Gibt es Pläne auch endlich mal wieder in Österreich zu spielen? Wie sind eure bisherigen Erfahrungen mit den österreichischen Fans? Ist unser Land bereits als „Septicflesh territory“ zu bezeichnen oder ist es für euch noch hart, Österreich zu erobern?

Leider tourte die Band vor der Veröffentlichung von “Communion“ kaum. Nun haben sich die Dinge verändert und Septicflesh waren bereits in vielen Ländern auf Tour. Viele dieser Länder besuchten wir zum ersten Mal. So haben wir z.B. mit bekannteren Bands wie z.B. CRADLE OF FILTH und BEHEMOTH getourt. Es gibt definitiv Pläne, weitere Länder zu erobern. Österreich ist eines davon. Momentan sind wir in Frankreich unterwegs und danach werden wir mit CHILDREN OF BODOM in den USA touren, wo wir COB zusammen mit DEVIN TOWNSEND und OBSCURA supporten werden. Danach sind wir bereit für den nächsten Schritt.

Wer hatte damals die Idee, als SEPTICFLESH eine Reunion zu starten? Wie kam es dazu?

Seth rief mich an und teilte mir mit, dass er und Chris genug Zeit hätten, um den Fokus wieder ganz auf die Band richten zu können. Ich war damals dabei ein Soloprojekt namens AENAOS zu starten. Aber wir spielten wieder ein paar Songs zusammen und merkten, dass die Magie früherer Tage noch lebte. Wir hatten sofort wieder so viele interessante Ideen und ich war wirklich aufgeregt. Demnach habe ich AENAOS wieder auf Eis gelegt, bevor ich überhaupt damit begonnen habe und wir haben das Fleisch wieder auferstehen lassen…

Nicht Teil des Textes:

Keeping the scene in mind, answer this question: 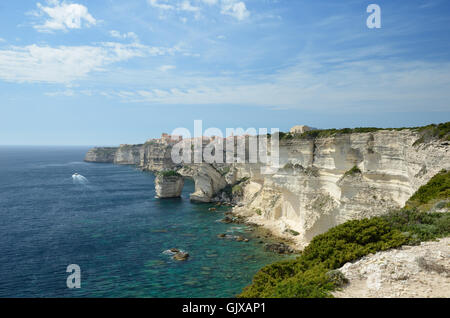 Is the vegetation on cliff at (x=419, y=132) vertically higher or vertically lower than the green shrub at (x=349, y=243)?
higher

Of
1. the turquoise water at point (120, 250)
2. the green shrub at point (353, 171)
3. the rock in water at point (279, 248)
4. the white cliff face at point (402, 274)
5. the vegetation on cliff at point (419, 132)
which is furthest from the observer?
the rock in water at point (279, 248)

Warum habt ihr damals diesen Bandnamen gewählt? SEPTICFLESH klingt nach einer Gore/Grind band – Eure Band hat mit diesem Genre aber doch rein gar nichts zu tun….

Absolut richtig! Um ehrlich zu sein, mochte ich diesen Namen nie. Aber als ich damals zur Band stieß, hatte sie eben bereits den Namen SEPTIC FLESH. Es war ein Vorschlag eines Freundes von Seth und Chris und sie mochten diesen Namen damals eben. Ich habe es leider nicht geschafft, sie früh davon zu überzeugen den Namen zu ändern. Als wir mehr und mehr Aufmerksamkeit unter diesem Bandnamen bekamen und mehrere Alben als SEPTIC FLESH veröffentlichten, machte es natürlich keinen Sinn mehr, ihn zu ändern.

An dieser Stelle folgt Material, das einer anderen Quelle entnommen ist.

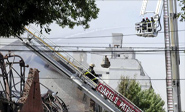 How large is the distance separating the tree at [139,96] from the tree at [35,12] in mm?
23375

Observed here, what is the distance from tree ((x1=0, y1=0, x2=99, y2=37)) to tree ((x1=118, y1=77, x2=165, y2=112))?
76.7 feet

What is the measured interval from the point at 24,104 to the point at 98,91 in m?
4.49

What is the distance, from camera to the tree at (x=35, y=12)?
11375 millimetres

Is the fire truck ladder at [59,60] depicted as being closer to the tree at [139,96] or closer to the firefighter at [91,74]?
the firefighter at [91,74]

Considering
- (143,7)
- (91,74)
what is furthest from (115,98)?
(143,7)

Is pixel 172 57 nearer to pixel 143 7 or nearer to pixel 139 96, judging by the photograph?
pixel 143 7

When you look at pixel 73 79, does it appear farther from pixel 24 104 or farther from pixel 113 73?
pixel 113 73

Ihr seid nun Teil von Season of Mist Records. Warum habt ihr euch dafür entschieden das Label zu wechseln und welche Vorteile habt ihr nun als Teil eines bekannteren Plattenlabels?

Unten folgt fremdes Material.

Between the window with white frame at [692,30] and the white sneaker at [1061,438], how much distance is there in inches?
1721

Season of Mist unterstützten die Idee der Reformierung der Band. Wir hatten immer eine stattliche Anzahl an Fans in Frankreich und dachten demnach, dass es eine gute Idee sei, dort zu unterschreiben. Wir sind sehr glücklich über diese Entscheidung und wurden immer mit Respekt behandelt. Zudem haben wir die volle Kontrolle über unser musikalisches Produkt und bekommen eine starke Promotion von Seiten des Labels. Season of Mist wird immer größer und hat nun immer mehr bekannte Bands wie z.B. MORBID ANGEL unter Vertrag. Teil eines bekannteren Labels zu sein macht eben vieles leichter. Zudem haben Menschen unterschiedlicher Länder viel leichter Zugang zu unseren Veröffentlichungen.

Willst du unseren Lesern noch etwas mitteilen?

Ihr seid alle willkommen unserer “Great Mass“ beizuwohnen! Keep the dark flame burning!

Vielen Dank für das Interview und viel Glück!